RobertDeNiro 3 hours ago

People talk about an AI bubble. I think this is the real bubble.

dboreham 3 hours ago

Not really because the money involved is relatively small. The bubble is where people are using D8s to push square kilometers of dirt around for data centers that need new nuclear power plants built, to house millions of obsolete Nvidia GPUs that need new fabs constructed to make, using yet more D8s..
- mh- 3 hours ago
  
  (D8s apparently refers to a specific Caterpillar-brand bulldozer, not some kubernetes takeoff.)

DetroitThrow 2 hours ago

Why is slop with ridiculous or impossible claims at the top of HN?

mvkel 3 hours ago

Wait til you hear what GPT 5 is

kilroy123 3 hours ago

What is it? A gpt-4o wrapper?

hmans 21 minutes ago

[dead]

strathmeyer 2 hours ago

[dead]

theshetty 3 hours ago

Prompt is code.

bwfan123 2 hours ago

prompt as code is a pipe-dream.
The machine model for natural language doesnt exist - it is too ambiguous to be useful for many applications.
Hence, we limited natural language to create programming languages whose machine model is well defined.
In math, we created formalism to again limit language to a subset that can be reasoned with.
add-sub-mul-div 2 hours ago

I've always said, determinism has been holding the field back.
amelius 3 hours ago

Prompt is specification, not code.
- teucris 3 hours ago
  
  Not to be too pedantic, but code is a kind of specification.

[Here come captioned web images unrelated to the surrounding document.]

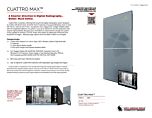 Cuattro Max - Product Information Sheet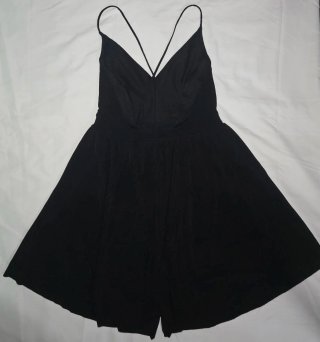 Mono corto de tirantes, talla S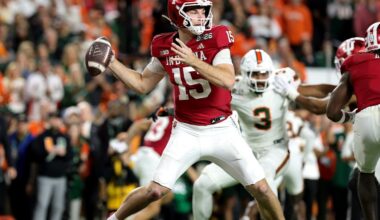 Las Vegas Raiders draft: Fernando Mendoza’s deep passing fits Klint Kubiak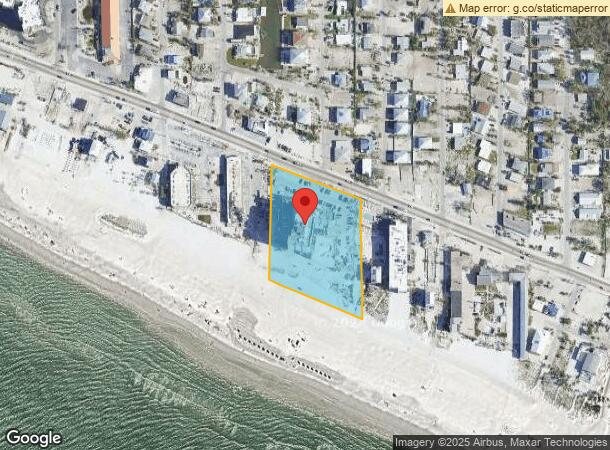  2000 Estero Blvd, Fort Myers Beach, FL Parcel Map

I think making the blanket statement "Prompt is code" is inaccurate but there does exist a methodology of writing prompts as if they are specifications that can reliably converted to computational actions, and I believe we're heading toward that.
  - amelius an hour ago
    
    Yeah, I assumed someone would say this.
    My manager gives me specifications, which I turn into code.
    My manager is not coding.
    This is how to look at it.

adidoit 3 hours ago

100% of AI startups are just multiplying matrices 100% of tech startups are just database engineering

It's still early in the paradigm and most startups will fail but those that succeed will embed themselves in workflows.